In The Arena by TechArena - Universal Storage Disruption with Vast Data

Starting point is 00:00:00 Welcome to the Tech Arena, featuring authentic discussions between tech's leading innovators and our host, Alison Klein. Now, let's step into the arena. Welcome to the tech arena. My name is Alison Klein, and we are here at Supercomputing bringing you stories about innovation in the scientific realm. I'm so pleased to be joined by Jeff Denworth, co-founder and CMO of Vast Data. Welcome to the program, Jeff. Thank you, Alison. Awesome to be on here. So Jeff, why don't you just start by talking about Vast Data, introduce it to the audience, and tell me why you decided, after many years in the storage arena, to found a new company

Starting point is 00:00:58 focused on universal storage. We founded the company because we saw a variety of trade-offs with respect to how people managed and processed on their data. And then we realized that for the first time, a number of those trade-offs could be broken, such that customers could start to interact with and work with their data in entirely new and different ways than what they were able to previously. And so, as you mentioned, we created this product that we call Universal Storage, which is kind of the generic marketing name.
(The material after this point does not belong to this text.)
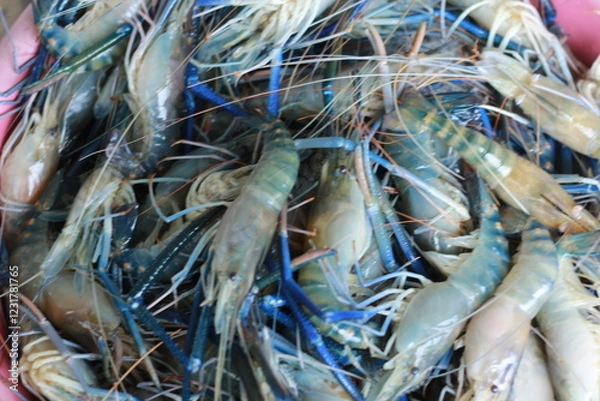 Obraz  Raw Shrimp on Grill with Charcoal Background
It's kind of like, you know, a really good toothbrush that is great at cleaning teeth and stuff and doesn't really tell you much. And the reason for this is that we realized that if you can build a system that is designed to give customers both just like awesome, scalable performance, but at the same

Starting point is 00:01:52 time, not incur the same kind of classic high performance storage tax that customers have always had to pay, well, then what it does is it defies the classic categorization of storage, right? If you think about the last 30 years, customers have been buying all sorts of different types of storage systems within their data centers for different use cases and workloads. You have backup systems, you have file systems, you have high-performance systems, and you've got everything in between. And we realized that if you could break these trade-offs,

Starting point is 00:02:20 well, then you could truly buy one product that was a universal tier of flash that could be applied to all of your data. This product is essentially something that defies classic categorization. And I'm a big believer that you can't just have like a cool product when you come into market and expect customers to buy it. There also has to be a market disruption that kind of drives the need for IT buyers and IT consumers to consider new solutions. And here, we kind of timed it at the right time where people were just starting to talk about machine learning, just starting to talk about deep learning. And the realization is they started to digest what these workloads meant within their data center, not only just

Starting point is 00:02:59 for new data that they were acquiring, but also for the legacy data that they wanted to open up access to, is that you needed a new system or a new data platform that ultimately could remove the constraints from these new workloads being able to go and train and infer on their data. And so what happened is the kind of the market opened up to us and said that we need something new because the pyramid of data storage that people have been managing for the last 20 to 30 years, well, the dynamics have been turned upside down where these customers now needed the fastest access to the largest amounts of data. And that's not how things have been done up until now. You've been getting a lot of attention in the media of late, including a call out by Gartner's being part of their magic quadrant. Storage companies historically have not been

Starting point is 00:03:52 treated with this kind of celebrity status in the industry. Tell me why so many people are paying attention to this new approach to storage. You touched a little bit on machine learning and AI, and I can understand that it's unlocking some new opportunity, but give me some more detail about why customers are responding so well. So I think first and foremost, it's a story that's too good to be true. If I come into a customer environment and say, you can just have Flash for all your data and it scales and you never have to worry about doing anything ever again. It's like, okay, I've heard these types of stories from vendors up and down, and there's always a big asterisk. So what's the asterisk? And we basically say there's no catch. And so as a new incumbent storage vendor, I should

Starting point is 00:04:40 say as a new kind of emerging storage vendor, the next thing that customers ask is, well, does it work? Because, you know, most storage products are pretty crappy, no offense. But, you know, if you think about companies that just get into the space, they have to prove themselves. They have to build out their capability, they have to build out their technology. And then you go into the HPC space and you go to a customer and say, hey, I've got this product that you can tie something like 10 or 20,000 compute nodes to, and it should probably just work, right? These are things that a lot of storage companies aspire to, but never actually end up sticking. And so we realized in the earliest days that we had to QA the hell out of a product architecture that is just simpler to develop on. And I think what

Starting point is 00:05:19 we've done is we've kind of brought the notional time horizon to build an enterprise storage system down from what people conventional wisdom was always, it takes about 10 years. We brought that down to five years. And at the same time, if you can actually deliver on this promise of flash for the cost of disk, customers just start buying and buying and buying. And so we just announced last week that we've got now three customers that have committed since we started selling just a few years ago, over a hundred million dollars around our product. And that's like the same amount of money that whole storage companies get over their first couple of years.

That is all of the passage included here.